For Bryan, a former sheriff's deputy in Young, Archer and Baylor counties who a few years ago turned his attention to being a fishing guide on Possum Kingdom Lake and his hometown waters of Lakes Graham and Eddleman, the hybrid striped bass action at Bridgeport has been a blessing.

With Possum Kingdom's striped bass fishery cut drastically by a golden algae fish kill that took place more than a year ago, and with Graham and Eddleman not producing large catches of hybrids, Bryan feels fortunate to have "discovered" Lake Bridgeport and its lightly tapped resource of hybrid stripers.

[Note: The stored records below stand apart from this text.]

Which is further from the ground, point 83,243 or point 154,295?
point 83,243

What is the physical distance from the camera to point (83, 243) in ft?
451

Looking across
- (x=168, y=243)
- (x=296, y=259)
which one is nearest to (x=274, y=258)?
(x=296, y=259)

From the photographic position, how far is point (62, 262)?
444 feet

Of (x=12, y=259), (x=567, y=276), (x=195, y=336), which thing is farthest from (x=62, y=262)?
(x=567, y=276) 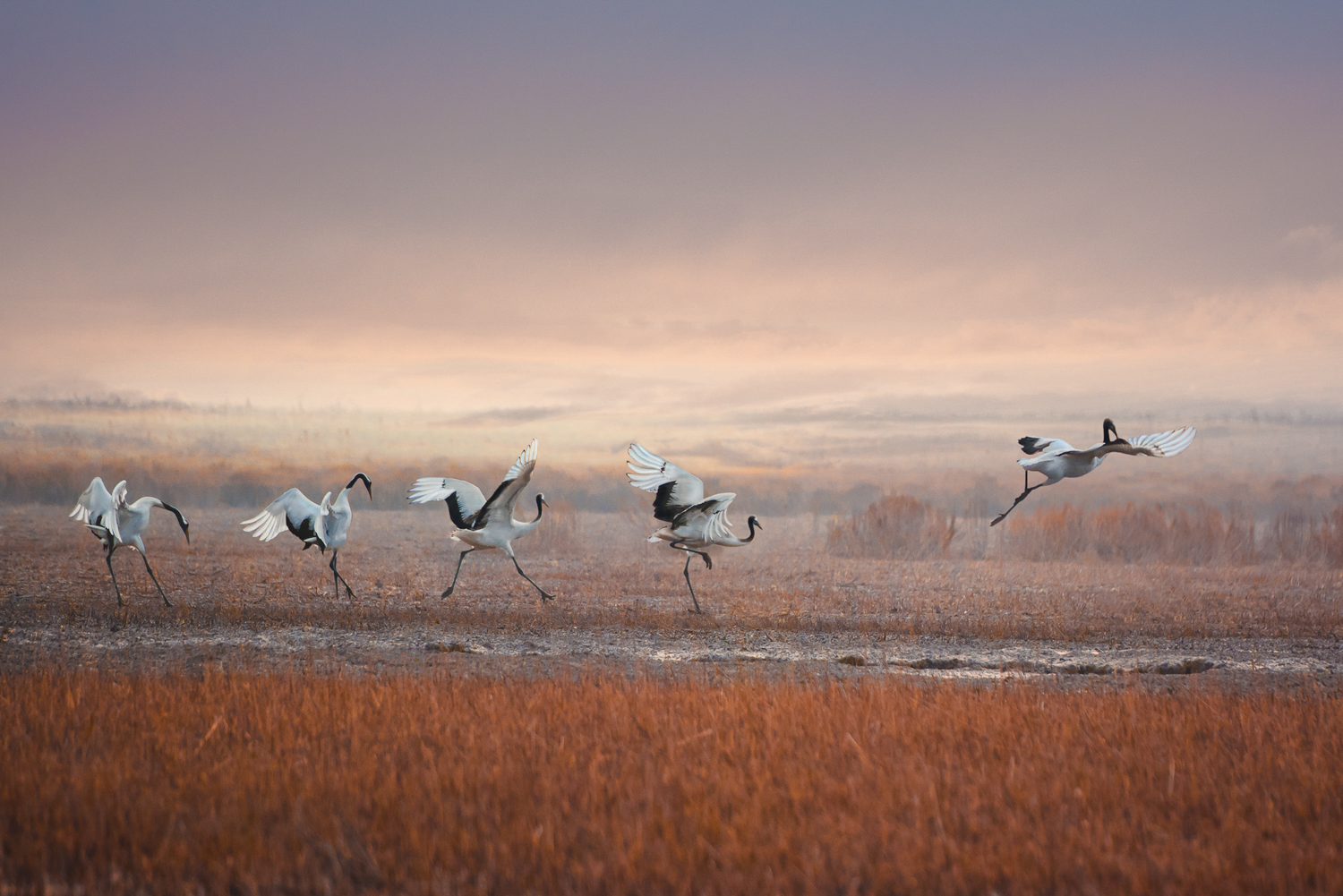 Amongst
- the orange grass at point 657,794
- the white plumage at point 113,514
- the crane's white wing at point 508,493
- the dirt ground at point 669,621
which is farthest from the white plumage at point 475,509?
the orange grass at point 657,794

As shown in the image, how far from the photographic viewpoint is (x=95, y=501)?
15789 millimetres

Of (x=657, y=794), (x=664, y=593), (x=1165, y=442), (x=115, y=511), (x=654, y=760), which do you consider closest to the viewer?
(x=657, y=794)

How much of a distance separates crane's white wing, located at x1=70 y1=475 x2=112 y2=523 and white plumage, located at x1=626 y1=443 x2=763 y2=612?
9.41 meters

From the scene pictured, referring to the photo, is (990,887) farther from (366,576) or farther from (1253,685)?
(366,576)

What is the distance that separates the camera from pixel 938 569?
109 feet

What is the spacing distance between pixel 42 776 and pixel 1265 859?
7165 millimetres

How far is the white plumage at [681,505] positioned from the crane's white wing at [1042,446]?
4.86 meters

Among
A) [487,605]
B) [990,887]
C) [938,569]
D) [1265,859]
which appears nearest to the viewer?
[990,887]

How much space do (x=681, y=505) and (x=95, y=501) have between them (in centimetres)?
1048

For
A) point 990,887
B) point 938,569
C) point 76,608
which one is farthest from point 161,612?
point 938,569

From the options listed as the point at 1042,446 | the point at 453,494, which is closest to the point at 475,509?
the point at 453,494

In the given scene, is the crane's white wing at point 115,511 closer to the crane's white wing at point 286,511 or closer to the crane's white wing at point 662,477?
the crane's white wing at point 286,511

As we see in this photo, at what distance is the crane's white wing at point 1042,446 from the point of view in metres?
13.4

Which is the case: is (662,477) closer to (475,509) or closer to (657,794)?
(475,509) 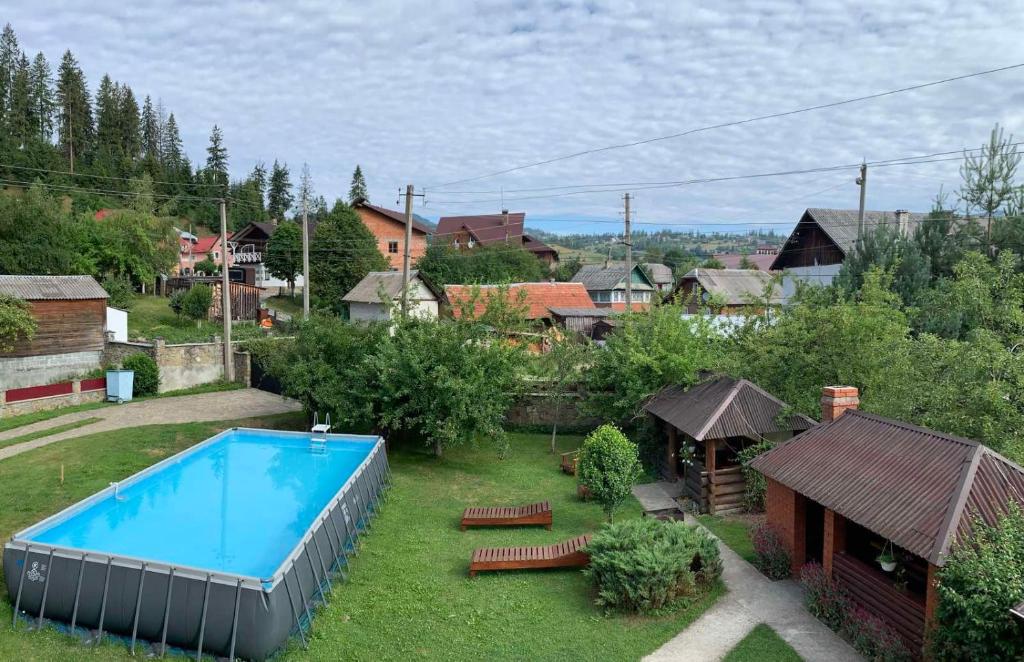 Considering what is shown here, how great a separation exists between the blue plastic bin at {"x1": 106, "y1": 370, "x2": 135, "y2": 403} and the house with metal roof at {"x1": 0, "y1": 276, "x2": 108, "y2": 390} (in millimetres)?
2838

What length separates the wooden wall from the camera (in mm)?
26500

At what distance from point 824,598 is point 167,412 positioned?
23592mm

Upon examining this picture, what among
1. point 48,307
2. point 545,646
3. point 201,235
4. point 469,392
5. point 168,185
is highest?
point 168,185

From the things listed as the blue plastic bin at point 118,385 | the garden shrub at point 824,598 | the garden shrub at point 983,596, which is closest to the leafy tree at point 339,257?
the blue plastic bin at point 118,385

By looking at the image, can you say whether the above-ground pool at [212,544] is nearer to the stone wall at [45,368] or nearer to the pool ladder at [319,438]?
the pool ladder at [319,438]

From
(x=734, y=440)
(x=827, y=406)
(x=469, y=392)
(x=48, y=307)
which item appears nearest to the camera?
(x=827, y=406)

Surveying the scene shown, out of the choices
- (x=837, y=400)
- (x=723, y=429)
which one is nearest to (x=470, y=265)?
(x=723, y=429)

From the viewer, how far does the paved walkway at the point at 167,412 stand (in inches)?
849

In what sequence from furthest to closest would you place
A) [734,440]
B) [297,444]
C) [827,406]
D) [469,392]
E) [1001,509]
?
[297,444] → [469,392] → [734,440] → [827,406] → [1001,509]

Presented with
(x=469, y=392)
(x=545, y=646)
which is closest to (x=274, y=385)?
(x=469, y=392)

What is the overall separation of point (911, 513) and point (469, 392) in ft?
38.3

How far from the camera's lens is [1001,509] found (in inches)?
333

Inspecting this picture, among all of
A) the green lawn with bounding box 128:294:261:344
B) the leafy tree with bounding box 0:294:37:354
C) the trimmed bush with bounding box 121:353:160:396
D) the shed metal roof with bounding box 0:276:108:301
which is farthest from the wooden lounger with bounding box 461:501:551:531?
the shed metal roof with bounding box 0:276:108:301

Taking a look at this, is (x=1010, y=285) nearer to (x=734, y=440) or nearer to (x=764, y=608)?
(x=734, y=440) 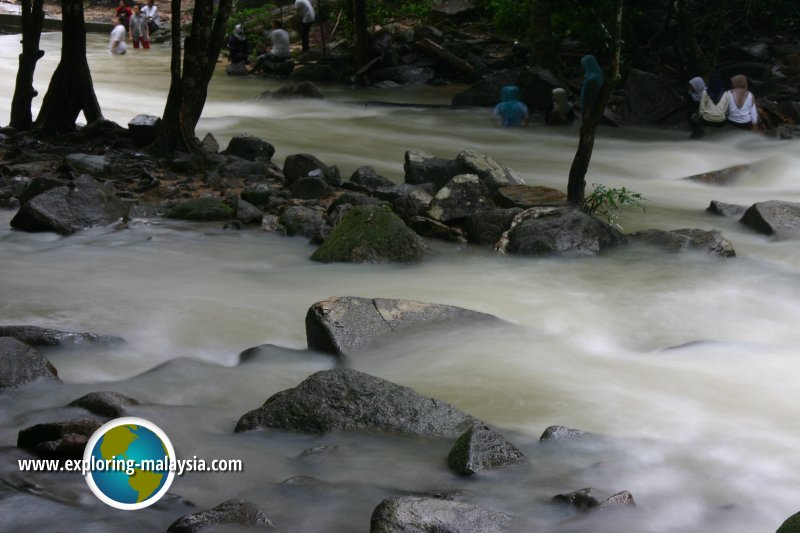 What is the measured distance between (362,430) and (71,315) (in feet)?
8.89

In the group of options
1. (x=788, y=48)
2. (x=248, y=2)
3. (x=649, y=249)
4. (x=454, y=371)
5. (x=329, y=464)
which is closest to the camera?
(x=329, y=464)

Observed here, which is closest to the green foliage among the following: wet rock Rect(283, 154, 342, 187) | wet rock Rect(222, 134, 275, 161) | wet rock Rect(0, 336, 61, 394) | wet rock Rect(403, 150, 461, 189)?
wet rock Rect(403, 150, 461, 189)

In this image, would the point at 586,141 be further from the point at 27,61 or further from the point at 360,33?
the point at 360,33

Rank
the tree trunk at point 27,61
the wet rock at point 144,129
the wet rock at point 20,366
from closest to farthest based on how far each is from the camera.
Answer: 1. the wet rock at point 20,366
2. the wet rock at point 144,129
3. the tree trunk at point 27,61

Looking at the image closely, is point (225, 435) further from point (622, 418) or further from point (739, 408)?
point (739, 408)

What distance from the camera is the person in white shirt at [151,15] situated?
3189 cm

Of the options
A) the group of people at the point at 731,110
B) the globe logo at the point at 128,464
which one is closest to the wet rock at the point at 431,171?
the group of people at the point at 731,110

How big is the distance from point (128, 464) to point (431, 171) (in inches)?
289

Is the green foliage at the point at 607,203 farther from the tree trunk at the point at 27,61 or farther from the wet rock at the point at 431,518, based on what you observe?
the tree trunk at the point at 27,61

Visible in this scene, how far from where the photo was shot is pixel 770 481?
471 centimetres

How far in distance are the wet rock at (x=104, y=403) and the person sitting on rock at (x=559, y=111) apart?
12.9 meters

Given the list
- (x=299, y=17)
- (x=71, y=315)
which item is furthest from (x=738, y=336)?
(x=299, y=17)

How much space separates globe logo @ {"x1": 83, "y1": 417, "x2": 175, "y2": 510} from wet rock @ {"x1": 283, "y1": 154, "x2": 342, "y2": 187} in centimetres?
695

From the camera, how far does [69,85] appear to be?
41.4 ft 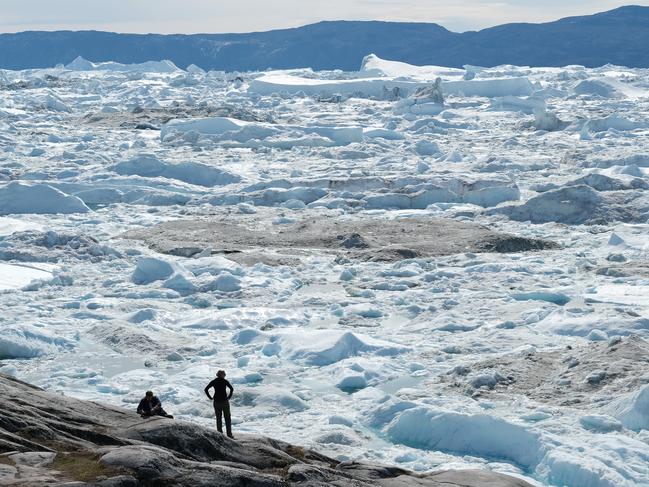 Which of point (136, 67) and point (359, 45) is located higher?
point (359, 45)

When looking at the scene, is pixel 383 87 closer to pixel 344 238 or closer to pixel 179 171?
pixel 179 171

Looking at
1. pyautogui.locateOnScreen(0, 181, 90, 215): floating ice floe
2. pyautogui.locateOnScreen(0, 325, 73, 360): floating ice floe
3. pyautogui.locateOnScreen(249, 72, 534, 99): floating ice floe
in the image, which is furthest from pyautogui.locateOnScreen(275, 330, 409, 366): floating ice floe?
pyautogui.locateOnScreen(249, 72, 534, 99): floating ice floe

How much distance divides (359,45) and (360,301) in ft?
252

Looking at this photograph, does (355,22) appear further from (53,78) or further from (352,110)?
(352,110)

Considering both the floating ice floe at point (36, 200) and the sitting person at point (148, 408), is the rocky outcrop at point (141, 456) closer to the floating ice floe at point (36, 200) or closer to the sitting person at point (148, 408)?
the sitting person at point (148, 408)

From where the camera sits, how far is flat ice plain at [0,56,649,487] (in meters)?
8.49

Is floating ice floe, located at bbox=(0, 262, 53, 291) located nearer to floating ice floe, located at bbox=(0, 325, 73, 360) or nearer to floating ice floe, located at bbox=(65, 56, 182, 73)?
floating ice floe, located at bbox=(0, 325, 73, 360)

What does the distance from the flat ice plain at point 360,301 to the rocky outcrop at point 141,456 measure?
118 cm

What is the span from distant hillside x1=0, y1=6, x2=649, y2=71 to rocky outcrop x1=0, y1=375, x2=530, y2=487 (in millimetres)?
71960

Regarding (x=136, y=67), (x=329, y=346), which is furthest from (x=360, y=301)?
(x=136, y=67)

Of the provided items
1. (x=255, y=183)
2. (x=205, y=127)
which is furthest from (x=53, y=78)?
(x=255, y=183)

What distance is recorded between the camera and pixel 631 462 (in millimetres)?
7648

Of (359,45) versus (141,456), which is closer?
(141,456)

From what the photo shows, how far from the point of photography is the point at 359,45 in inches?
3447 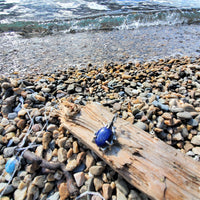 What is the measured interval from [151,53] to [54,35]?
5.37 m

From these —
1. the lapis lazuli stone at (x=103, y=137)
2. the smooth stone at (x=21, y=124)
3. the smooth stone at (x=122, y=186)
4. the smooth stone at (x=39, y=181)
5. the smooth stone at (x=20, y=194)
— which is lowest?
the smooth stone at (x=20, y=194)

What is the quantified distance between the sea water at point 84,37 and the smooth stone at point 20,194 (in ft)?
12.1

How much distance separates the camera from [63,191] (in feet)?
5.35

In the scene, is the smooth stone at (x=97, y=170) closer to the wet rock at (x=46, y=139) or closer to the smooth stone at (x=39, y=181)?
the smooth stone at (x=39, y=181)

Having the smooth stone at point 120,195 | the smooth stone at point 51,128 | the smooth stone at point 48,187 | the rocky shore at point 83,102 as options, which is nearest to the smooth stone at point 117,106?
the rocky shore at point 83,102

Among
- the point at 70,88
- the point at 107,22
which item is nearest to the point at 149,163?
the point at 70,88

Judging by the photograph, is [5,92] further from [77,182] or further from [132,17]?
[132,17]

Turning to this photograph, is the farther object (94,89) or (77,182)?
(94,89)

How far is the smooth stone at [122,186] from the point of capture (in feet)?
4.95

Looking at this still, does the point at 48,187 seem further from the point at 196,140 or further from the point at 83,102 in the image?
the point at 196,140

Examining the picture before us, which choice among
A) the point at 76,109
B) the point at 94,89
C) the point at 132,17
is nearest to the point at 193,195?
the point at 76,109

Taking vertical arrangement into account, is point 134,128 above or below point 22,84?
above

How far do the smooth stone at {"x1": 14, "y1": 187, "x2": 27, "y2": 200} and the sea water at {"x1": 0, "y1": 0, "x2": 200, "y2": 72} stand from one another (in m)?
3.68

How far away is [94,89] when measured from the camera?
327 centimetres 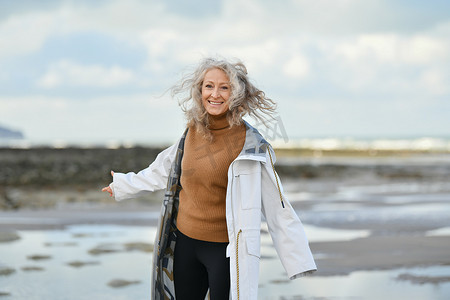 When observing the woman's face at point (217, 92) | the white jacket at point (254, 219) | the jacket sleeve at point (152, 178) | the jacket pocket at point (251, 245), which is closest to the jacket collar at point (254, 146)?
the white jacket at point (254, 219)

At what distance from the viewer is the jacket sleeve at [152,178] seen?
3627 mm

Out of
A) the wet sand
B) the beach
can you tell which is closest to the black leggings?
the beach

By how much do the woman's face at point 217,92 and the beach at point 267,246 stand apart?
2.85 m

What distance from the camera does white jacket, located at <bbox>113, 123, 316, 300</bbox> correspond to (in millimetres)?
3066

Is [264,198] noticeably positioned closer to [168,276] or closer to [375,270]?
[168,276]

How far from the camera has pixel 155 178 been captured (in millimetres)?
3654

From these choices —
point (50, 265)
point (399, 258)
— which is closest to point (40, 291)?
point (50, 265)

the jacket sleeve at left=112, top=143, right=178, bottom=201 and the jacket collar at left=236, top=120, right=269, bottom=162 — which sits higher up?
the jacket collar at left=236, top=120, right=269, bottom=162

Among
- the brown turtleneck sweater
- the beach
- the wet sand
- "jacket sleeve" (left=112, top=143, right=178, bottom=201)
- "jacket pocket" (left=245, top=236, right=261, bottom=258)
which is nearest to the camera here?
"jacket pocket" (left=245, top=236, right=261, bottom=258)

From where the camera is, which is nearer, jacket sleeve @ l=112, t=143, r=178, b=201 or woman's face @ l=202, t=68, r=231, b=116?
woman's face @ l=202, t=68, r=231, b=116

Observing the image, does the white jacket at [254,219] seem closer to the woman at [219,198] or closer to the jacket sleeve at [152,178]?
the woman at [219,198]

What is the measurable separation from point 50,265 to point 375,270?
3.92 metres

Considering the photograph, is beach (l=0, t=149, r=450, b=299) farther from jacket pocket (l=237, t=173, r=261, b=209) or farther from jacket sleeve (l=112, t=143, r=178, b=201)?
jacket pocket (l=237, t=173, r=261, b=209)

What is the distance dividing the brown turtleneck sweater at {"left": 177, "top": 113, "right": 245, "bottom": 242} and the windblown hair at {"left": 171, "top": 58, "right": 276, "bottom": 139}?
0.07m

Although the sea gulls that have been leading Bryan and his customers to great catches within the past few weeks have slacked off in helping the anglers find schools of feeding hvbrids, Bryan has continued to stay on top of the sand bass-striped bass crosses that are ranked among the hardest-fighting fish in freshwater lakes.

In recent weeks, Bryan's report card has been full of straight A's. Although the hybrids are beginning to change their feeding patterns with the arrival of spring, he has managed to catch more of them than just about anybody else on the lake.

"I've made about 10 trips here within the past two weeks, and on most of those trips we have caught 30 to 35 hybrids up to nine pounds on every trip," Bryan said. "And the sand bass are really something. We are catching 40 to 50 sandies [along with the hybrids] on every trip, too, and none of them are small. I've been trying to encourage my customers to keep the sand bass and release the hybrids because the sandies reproduce so fast."

Bryan began to notice a change in the hybrids' patterns about a week ago when the scores of gulls which were following the schools of feeding fish suddenly began spending more time sitting on the water or flying as individual "scouts."

The inactivity encouraged Bryan to begin looking at other possible places where the hybrids might be concentrating, and it didn't take long for him to locate them in exceptionally deep water near a steep drop-off.

"I found them in water 40 to 60 feet deep, and we just anchored up over them like we used to do at PK and really had a blast," Bryan said. "I took light rods along, and the biggest we had only weighed seven pounds, but I think we can go back over there soon and break the lake record. One guy caught a 12-pounder that would have broken the lake record [10.2 pounds], but he didn't know what he had and didn't enter it for a record."

Although Bryan would love to see Possum Kingdom rebound from the golden algae kill that caused many fishing guides like himself to seek other waters on which to make a living, he said Lake Bridgeport has helped him realize the great fisheries that are available.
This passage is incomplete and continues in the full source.